Nanostructured Lipid Carriers of Donepezil Hydrochloride for the Treatment of Alzheimer's Disease.

作者信息

Tekade Avinash, Susar Ram, Kulkarni Gajanan, Surwade Samiksha, Gaikwad Anil

机构信息

Department of Pharmaceutics, Marathwada Mitra Mandal's College of Pharmacy, Thergaon (Kalewadi), Pune, 411033 (M.S.), India.

出版信息

Curr Alzheimer Res. 2024;21(10):710-722. doi: 10.2174/0115672050288659240229080535.

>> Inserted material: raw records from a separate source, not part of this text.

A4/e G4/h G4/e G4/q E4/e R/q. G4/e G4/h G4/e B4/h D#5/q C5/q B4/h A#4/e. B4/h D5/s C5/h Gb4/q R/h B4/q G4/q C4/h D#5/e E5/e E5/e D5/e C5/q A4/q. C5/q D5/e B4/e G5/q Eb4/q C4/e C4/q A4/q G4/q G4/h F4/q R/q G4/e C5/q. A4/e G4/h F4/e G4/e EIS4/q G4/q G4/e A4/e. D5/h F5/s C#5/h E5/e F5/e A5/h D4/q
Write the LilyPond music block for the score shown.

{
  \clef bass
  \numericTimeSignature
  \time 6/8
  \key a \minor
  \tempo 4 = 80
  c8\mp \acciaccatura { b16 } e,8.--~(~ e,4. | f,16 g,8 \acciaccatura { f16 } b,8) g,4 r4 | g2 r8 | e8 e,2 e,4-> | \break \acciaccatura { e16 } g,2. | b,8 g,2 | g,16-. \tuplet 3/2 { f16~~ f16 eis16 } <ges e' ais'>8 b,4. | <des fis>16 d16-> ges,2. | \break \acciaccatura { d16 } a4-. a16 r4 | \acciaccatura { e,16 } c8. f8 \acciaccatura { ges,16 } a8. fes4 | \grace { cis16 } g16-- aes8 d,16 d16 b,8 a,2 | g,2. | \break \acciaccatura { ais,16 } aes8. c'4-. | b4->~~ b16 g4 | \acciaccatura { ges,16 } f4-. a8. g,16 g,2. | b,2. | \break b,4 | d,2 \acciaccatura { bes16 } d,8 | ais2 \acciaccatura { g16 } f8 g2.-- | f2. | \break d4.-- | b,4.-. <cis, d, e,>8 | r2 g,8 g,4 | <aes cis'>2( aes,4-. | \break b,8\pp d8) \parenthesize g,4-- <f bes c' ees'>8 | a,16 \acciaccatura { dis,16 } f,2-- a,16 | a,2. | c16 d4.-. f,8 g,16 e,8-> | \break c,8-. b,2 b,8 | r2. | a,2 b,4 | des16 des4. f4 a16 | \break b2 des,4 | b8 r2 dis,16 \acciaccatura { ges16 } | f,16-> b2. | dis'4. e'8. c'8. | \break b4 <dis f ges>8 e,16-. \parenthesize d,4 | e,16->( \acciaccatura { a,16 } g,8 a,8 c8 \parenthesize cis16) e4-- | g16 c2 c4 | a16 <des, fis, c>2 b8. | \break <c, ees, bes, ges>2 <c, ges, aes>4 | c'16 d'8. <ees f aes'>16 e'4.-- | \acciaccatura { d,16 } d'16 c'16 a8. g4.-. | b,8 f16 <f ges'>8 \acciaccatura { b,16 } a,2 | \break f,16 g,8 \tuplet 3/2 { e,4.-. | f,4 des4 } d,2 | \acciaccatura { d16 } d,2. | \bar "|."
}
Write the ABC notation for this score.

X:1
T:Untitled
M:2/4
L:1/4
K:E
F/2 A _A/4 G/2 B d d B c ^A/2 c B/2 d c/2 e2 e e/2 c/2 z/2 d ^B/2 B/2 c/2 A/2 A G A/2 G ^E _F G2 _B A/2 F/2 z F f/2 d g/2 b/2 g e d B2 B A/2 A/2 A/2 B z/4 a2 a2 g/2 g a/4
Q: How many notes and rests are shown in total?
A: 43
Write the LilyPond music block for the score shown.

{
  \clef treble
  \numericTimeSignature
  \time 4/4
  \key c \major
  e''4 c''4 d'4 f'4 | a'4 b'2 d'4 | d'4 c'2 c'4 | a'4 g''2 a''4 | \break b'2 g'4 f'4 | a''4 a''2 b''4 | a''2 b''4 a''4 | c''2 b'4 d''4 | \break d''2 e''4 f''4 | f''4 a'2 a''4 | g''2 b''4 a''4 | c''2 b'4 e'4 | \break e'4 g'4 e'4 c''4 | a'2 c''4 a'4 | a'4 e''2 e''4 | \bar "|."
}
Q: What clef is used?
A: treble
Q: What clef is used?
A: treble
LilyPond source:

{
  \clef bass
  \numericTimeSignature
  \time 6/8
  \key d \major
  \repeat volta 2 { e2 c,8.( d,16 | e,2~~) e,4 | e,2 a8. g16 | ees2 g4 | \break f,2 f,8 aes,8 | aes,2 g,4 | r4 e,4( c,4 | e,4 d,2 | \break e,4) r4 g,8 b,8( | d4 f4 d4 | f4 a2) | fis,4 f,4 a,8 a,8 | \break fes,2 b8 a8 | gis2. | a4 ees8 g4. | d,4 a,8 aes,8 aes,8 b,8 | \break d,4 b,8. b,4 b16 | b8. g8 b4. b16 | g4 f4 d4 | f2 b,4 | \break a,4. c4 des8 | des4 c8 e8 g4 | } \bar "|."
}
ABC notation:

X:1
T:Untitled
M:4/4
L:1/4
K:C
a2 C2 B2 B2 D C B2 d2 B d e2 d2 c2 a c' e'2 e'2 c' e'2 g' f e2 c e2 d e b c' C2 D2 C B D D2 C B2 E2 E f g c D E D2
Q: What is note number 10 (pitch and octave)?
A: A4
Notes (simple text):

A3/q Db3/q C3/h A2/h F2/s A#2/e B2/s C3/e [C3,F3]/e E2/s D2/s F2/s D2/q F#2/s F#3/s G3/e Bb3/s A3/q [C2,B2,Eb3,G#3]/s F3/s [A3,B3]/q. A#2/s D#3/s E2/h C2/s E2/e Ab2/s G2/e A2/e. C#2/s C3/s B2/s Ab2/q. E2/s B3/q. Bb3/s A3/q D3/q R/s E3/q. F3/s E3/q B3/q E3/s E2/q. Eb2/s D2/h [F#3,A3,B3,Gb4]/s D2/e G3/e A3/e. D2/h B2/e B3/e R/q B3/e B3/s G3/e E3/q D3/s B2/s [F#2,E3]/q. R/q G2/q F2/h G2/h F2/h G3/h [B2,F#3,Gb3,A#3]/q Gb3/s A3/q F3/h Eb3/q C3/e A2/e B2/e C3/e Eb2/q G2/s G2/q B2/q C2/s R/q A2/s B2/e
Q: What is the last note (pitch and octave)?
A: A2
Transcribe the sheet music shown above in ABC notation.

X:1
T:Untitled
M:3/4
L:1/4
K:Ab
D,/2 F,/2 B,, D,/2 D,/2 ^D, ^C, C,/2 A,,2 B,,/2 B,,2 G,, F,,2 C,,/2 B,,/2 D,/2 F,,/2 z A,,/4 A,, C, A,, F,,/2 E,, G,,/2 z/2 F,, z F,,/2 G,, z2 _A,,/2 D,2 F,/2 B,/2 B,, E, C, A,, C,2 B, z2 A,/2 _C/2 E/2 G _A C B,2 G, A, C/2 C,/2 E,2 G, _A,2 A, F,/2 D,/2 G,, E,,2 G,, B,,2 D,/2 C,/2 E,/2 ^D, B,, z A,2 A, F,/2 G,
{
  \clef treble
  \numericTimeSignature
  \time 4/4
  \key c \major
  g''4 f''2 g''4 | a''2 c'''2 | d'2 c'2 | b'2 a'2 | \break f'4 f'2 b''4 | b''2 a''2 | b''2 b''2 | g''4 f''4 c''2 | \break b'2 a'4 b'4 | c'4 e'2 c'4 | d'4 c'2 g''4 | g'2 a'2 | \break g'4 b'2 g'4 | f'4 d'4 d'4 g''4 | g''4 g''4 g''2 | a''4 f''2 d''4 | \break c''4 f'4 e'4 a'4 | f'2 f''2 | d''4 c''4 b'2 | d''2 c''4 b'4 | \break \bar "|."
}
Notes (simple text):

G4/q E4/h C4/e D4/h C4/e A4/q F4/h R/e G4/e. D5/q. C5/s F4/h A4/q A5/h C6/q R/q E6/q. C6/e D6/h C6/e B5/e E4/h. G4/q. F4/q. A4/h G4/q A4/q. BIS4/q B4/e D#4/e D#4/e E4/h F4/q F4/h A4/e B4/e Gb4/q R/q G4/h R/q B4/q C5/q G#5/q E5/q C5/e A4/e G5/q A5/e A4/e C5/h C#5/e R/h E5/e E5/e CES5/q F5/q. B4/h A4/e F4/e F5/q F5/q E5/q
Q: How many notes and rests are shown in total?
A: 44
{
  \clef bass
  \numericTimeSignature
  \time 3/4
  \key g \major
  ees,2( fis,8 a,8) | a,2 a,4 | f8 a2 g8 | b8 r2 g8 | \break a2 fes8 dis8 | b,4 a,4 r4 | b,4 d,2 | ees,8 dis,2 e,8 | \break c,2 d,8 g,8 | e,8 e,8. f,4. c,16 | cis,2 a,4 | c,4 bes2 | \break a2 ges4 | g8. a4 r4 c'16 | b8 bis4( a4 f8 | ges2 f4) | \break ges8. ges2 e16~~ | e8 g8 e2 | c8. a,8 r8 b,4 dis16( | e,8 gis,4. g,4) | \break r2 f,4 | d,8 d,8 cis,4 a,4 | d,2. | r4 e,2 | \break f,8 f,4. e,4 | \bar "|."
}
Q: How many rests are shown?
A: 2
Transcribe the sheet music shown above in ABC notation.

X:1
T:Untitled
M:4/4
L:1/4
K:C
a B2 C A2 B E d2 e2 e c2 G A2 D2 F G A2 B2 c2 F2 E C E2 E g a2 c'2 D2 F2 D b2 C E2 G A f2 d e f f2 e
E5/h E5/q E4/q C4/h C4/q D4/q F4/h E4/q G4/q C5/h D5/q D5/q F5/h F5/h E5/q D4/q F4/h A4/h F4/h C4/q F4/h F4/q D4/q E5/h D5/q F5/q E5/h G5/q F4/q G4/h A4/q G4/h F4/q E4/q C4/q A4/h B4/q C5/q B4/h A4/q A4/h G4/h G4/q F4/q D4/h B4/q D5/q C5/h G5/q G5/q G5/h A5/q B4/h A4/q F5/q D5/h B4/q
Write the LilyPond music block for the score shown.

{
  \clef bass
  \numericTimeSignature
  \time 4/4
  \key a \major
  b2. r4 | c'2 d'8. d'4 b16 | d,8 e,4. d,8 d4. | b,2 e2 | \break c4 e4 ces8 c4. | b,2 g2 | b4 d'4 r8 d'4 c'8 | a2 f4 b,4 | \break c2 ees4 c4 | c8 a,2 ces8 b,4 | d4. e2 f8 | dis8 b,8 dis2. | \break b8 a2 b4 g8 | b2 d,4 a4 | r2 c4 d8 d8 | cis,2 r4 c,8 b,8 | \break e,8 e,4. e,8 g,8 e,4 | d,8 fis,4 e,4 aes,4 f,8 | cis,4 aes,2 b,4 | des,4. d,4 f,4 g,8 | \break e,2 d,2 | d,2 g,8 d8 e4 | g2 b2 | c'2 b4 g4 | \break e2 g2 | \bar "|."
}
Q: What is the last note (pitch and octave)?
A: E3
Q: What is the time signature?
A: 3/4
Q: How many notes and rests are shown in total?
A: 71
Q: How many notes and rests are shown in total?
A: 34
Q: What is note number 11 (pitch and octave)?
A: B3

DOI:10.2174/0115672050288659240229080535
PMID:38445703
Abstract

BACKGROUND

Alzheimer's Disease (AD) is a long-term brain disorder that worsens over time. A cholinesterase inhibitor called Donepezil HCl (DNZ) is used to treat and control AD. Due to its failure to reach the appropriate concentration in the brain cells, its efficacy upon oral administration is limited, and thus investigation of alternative administration route is necessary.

OBJECTIVE

The objective of this study was to develop donepezil HCl-loaded Nanostructured Lipid Carriers (NLCs) that can bypass the blood-brain barrier and thus be directly delivered to the brain through the nasal route. This method improves availability at the site of action, reduces the negative effects of oral medication, and ensures an expedited commencement of action.

METHODS

High-pressure homogenization and ultrasonication were used to formulate NLCs. Glyceryl Monostearate (GMS) as a solid lipid, Tween 80 as a surfactant, and Poloxamer 407 as a cosurfactant were used. In this study, argan oil was employed as a liquid lipid as well as a penetration enhancer.

RESULTS

The chosen NLCs displayed a particle size of 137.34 ± 0.79 nm, a PDI of 0.365 ± 0.03, and a zeta potential of -10.4 mV. The selected formulation showed an entrapment efficiency of 84.05 ± 1.30% and a drug content of 77.02 ± 0.23%. The concentration of the drug in the brain after intravenous and intranasal administration of DNZ NLCs at 1 h was found to be 0.490 ± 0.007 and 4.287 ± 0.115, respectively. Thus, the concentration of DNZ achieved in the brain after intranasal administration of DNZ NLCs was approximately 9 times more than the concentration when administered by intravenous route.

CONCLUSION

The DNZ-loaded NLCs, when administered via nasal route, showed markedly improved drug availability in the brain, suggesting an efficient drug delivery strategy to treat Alzheimer's disease.

摘要

背景

阿尔茨海默病(AD)是一种会随着时间推移而恶化的慢性脑部疾病。一种名为盐酸多奈哌齐(DNZ)的胆碱酯酶抑制剂被用于治疗和控制AD。由于其在脑细胞中无法达到合适的浓度,口服给药的疗效有限,因此有必要研究其他给药途径。

目的

本研究的目的是开发载有盐酸多奈哌齐的纳米结构脂质载体(NLCs),其能够绕过血脑屏障,从而通过鼻腔途径直接递送至脑部。该方法可提高作用部位的药物可及性,减少口服药物的不良反应,并确保药物更快起效。

方法

采用高压均质法和超声法制备NLCs。使用单硬脂酸甘油酯(GMS)作为固体脂质,吐温80作为表面活性剂,泊洛沙姆407作为助表面活性剂。在本研究中,阿甘油既用作液体脂质,也用作渗透促进剂。

结果

所制备的NLCs粒径为137.34±0.79nm,多分散指数(PDI)为0.365±0.03,ζ电位为-10.4mV。所选制剂的包封率为84.05±1.30%,药物含量为77.02±0.23%。静脉注射和鼻腔给药1小时后,DNZ NLCs在脑中的药物浓度分别为0.490±0.007和4.287±0.115。因此,鼻腔给药后DNZ在脑中达到的浓度约为静脉给药时浓度 的9倍。

结论

经鼻腔给药的载DNZ的NLCs在脑中显示出显著提高的药物可及性,提示这是一种治疗阿尔茨海默病的有效给药策略。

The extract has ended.